For the first six years of my Christian life I never even conceived that why I believed needed to be asked. I was presented with the gospel, thought through the implications, and whether I believed the message or not was up to me. But was it? It is clear that people presented with the gospel do have a choice to make, and that some accept the message while others reject it. But why is this? Since I was “born again” into a Christian culture that didn’t think Christian history was important, I never thought to ask such a question. But this question has occupied many great Christian thinkers since Paul started writing his letters.

Why is this important? If we take seriously the biblical assertion that the wages of sin is death, we can’t help but know that the question is important. What does this death mean? We get a hint from Genesis 2. The Lord said to Adam that if he ate of the tree of the knowledge of good and evil, he would surely die. Since Adam and Even didn’t drop dead on the spot, there had to be more going on than physical death. Simply put, the death the Lord was referring to was a spiritual death, or man’s alienation from his creator. We get a hint what this means when God goes “walking in the garden in the cool of the day,” and Adam and Eve try to hide from him. Good luck! It’s almost humorous when we read of the Lord God asking of Adam, “Where are you?” As if he didn’t know.

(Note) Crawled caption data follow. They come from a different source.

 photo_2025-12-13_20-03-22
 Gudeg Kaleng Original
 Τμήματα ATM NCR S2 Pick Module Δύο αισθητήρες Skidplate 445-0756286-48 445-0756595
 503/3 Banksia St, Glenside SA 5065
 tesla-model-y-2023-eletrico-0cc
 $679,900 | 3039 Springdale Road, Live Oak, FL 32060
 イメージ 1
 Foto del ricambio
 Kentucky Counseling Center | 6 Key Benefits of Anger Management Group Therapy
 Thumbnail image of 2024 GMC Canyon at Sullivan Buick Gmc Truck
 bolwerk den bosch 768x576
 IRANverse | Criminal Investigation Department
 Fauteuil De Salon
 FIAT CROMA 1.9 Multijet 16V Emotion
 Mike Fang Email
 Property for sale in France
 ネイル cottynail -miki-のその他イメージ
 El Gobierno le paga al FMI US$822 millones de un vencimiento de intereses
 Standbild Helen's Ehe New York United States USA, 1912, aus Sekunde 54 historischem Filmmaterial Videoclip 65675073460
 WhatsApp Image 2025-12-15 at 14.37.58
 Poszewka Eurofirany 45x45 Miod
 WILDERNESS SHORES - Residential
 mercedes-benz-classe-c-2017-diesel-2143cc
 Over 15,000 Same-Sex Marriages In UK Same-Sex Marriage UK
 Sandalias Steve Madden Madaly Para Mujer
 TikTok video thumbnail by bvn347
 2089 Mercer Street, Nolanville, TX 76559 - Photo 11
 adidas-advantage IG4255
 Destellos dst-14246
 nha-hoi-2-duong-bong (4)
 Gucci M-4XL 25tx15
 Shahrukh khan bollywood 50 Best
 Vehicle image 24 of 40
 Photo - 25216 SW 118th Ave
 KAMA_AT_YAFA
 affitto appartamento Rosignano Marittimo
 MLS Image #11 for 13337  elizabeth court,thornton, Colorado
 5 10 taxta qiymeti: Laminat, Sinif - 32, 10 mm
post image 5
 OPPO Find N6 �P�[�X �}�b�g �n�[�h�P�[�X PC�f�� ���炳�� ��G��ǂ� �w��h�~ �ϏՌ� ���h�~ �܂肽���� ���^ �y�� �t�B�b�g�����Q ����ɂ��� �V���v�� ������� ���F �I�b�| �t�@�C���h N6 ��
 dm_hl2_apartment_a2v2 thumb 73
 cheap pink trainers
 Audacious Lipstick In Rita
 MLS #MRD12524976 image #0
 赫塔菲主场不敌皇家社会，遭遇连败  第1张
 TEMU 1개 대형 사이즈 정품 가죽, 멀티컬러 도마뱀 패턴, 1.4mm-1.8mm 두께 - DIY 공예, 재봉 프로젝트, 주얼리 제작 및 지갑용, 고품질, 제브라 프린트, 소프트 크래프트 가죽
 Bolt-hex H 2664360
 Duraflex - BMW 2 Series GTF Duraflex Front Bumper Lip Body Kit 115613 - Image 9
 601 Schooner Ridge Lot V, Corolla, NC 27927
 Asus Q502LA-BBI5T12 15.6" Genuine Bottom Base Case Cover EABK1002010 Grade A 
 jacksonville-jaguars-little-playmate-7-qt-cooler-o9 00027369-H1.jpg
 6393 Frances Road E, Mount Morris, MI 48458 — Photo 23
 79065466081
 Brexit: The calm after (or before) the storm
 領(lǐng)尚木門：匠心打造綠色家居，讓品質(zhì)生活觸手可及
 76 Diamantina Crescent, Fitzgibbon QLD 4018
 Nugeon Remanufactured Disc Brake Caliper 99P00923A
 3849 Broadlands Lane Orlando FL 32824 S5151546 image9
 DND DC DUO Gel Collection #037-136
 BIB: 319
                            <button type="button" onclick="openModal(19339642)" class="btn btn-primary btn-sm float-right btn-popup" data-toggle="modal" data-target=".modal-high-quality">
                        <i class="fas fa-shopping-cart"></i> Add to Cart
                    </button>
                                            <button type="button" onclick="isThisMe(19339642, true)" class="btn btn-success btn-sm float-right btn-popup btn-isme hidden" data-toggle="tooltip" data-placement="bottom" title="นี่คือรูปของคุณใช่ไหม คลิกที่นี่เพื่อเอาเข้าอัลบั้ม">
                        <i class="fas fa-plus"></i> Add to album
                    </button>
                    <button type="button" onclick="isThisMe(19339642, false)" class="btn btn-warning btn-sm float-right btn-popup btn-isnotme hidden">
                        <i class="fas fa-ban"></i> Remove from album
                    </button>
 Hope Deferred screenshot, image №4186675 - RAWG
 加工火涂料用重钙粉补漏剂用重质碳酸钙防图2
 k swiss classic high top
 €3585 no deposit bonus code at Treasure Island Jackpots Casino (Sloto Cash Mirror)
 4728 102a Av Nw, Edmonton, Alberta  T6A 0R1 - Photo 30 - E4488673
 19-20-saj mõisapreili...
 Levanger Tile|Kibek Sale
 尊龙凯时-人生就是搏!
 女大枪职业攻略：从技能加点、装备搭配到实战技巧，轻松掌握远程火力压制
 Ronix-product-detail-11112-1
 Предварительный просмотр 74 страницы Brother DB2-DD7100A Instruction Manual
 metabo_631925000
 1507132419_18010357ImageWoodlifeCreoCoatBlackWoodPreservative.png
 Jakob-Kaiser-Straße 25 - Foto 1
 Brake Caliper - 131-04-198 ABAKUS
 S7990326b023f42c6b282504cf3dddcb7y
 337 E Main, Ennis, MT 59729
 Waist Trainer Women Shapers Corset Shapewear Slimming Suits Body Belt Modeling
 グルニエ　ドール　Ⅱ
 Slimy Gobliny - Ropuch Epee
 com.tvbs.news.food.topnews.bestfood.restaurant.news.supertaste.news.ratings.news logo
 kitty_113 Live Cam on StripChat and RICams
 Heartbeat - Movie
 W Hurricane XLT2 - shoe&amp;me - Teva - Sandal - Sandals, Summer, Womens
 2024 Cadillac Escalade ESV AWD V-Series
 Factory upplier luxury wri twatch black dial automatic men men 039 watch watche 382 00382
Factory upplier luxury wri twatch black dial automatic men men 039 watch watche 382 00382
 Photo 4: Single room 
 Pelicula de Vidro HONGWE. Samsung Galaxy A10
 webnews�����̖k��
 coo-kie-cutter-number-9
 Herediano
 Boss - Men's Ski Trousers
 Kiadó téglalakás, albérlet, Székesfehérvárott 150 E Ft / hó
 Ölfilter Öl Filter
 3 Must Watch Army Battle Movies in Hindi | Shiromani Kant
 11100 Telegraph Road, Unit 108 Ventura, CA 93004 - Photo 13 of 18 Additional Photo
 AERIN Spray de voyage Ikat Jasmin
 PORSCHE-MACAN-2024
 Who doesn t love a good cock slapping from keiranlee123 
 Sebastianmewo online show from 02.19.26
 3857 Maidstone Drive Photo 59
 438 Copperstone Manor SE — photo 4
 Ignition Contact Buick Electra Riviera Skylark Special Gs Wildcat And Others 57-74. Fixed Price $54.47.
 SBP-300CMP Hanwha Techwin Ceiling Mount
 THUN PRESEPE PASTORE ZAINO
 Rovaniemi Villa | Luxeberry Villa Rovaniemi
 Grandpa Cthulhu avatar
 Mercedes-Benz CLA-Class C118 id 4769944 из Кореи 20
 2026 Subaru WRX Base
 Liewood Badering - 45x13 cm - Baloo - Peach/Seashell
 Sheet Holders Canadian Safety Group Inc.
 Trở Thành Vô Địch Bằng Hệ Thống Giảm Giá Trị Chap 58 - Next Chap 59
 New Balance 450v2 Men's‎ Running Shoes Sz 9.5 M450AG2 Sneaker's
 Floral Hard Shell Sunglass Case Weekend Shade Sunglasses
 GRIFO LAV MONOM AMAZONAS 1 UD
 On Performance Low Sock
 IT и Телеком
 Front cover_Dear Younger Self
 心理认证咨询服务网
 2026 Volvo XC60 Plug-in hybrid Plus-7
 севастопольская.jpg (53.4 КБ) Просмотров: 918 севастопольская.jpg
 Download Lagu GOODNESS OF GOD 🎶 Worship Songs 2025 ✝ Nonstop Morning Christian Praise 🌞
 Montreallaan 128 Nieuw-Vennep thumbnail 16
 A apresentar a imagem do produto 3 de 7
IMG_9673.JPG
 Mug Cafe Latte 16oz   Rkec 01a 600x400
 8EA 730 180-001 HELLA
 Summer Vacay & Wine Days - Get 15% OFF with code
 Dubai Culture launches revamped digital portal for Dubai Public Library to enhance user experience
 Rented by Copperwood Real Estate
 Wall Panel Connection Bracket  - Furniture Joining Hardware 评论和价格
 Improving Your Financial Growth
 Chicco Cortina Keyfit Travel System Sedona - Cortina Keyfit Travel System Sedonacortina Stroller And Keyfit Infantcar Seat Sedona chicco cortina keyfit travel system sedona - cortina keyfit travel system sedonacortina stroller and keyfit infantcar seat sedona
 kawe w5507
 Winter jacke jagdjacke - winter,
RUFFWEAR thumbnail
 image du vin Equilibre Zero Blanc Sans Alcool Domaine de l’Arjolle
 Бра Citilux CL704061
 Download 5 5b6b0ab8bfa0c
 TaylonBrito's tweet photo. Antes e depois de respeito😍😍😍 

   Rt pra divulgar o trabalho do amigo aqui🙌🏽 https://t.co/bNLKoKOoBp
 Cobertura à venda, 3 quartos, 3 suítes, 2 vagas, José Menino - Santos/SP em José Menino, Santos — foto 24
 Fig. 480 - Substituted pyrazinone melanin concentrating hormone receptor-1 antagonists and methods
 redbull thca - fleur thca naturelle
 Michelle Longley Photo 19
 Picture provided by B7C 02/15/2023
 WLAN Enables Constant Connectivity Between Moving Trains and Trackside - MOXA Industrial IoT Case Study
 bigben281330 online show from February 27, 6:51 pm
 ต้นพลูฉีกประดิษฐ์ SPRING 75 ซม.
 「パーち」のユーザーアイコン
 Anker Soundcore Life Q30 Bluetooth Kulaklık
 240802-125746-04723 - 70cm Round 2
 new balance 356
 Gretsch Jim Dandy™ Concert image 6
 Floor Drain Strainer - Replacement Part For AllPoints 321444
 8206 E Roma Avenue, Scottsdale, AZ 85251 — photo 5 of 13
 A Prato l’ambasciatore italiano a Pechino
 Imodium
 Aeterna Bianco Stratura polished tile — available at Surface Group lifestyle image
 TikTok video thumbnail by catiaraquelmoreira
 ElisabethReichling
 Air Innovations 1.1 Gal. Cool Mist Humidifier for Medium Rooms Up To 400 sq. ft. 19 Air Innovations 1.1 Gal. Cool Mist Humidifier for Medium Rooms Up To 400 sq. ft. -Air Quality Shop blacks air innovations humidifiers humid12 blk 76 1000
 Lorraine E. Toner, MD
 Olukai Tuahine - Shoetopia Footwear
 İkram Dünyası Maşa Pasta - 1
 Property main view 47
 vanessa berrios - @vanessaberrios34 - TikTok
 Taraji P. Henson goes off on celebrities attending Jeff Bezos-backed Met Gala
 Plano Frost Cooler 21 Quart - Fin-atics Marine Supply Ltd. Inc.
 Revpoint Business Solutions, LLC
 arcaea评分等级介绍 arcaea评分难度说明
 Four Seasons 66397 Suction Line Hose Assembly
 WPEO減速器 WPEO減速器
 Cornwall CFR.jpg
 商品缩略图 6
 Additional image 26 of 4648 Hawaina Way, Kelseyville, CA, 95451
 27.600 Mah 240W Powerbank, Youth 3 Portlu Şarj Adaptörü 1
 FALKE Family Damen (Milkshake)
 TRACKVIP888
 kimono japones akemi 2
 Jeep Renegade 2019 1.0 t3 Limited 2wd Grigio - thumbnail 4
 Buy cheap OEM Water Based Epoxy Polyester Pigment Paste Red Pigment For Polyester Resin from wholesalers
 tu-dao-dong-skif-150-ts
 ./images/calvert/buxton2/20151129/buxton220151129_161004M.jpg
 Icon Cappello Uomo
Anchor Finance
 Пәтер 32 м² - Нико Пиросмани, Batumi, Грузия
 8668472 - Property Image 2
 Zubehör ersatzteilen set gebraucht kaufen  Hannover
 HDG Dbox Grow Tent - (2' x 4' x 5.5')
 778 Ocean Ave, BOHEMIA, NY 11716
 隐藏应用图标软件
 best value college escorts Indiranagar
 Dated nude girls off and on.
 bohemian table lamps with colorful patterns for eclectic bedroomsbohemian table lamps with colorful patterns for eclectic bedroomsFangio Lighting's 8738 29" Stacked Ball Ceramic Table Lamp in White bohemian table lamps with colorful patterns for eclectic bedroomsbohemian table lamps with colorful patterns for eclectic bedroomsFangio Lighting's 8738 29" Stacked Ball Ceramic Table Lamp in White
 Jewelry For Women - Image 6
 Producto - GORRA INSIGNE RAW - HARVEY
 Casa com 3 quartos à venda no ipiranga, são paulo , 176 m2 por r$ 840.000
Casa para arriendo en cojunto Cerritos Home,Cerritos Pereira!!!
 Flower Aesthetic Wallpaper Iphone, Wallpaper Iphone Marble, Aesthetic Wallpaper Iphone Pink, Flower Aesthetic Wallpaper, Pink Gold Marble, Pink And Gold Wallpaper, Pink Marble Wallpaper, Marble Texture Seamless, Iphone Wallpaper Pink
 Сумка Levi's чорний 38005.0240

But this narrative is a perfect picture of “the wages of sin.” The natural inclination of the sinful human heart is to try to hide from God. The reason is that we know we are guilty, and that somehow God is our judge, jury, and executioner. Quoting the Old Testament, Paul says that “no one seeks God.” Every Christian, except the most extreme Pelagian, knows that this implies that there must be some supernatural work of God in the human soul to bring someone to Christ, but just how much work is the sticking point.

I am of the opinion that dead means . . . dead. Not mostly dead. There’s a big difference between mostly dead and all dead. I’m with Miracle Max on this one.

It was put to me this way when I first encountered these ideas. One view is that in my sin I am flailing in the pool in danger of drowning because I don’t know how to swim, and I’m calling out for help. I have the ability to reach for help that’s offered, the gospel, and I am saved. The other view is that I’m dead at the bottom of the pool. The gospel is not good news to a dead man. The only way I can believe it and be saved is if God does a supernatural work of spiritual resurrection in my soul. Only then can I believe.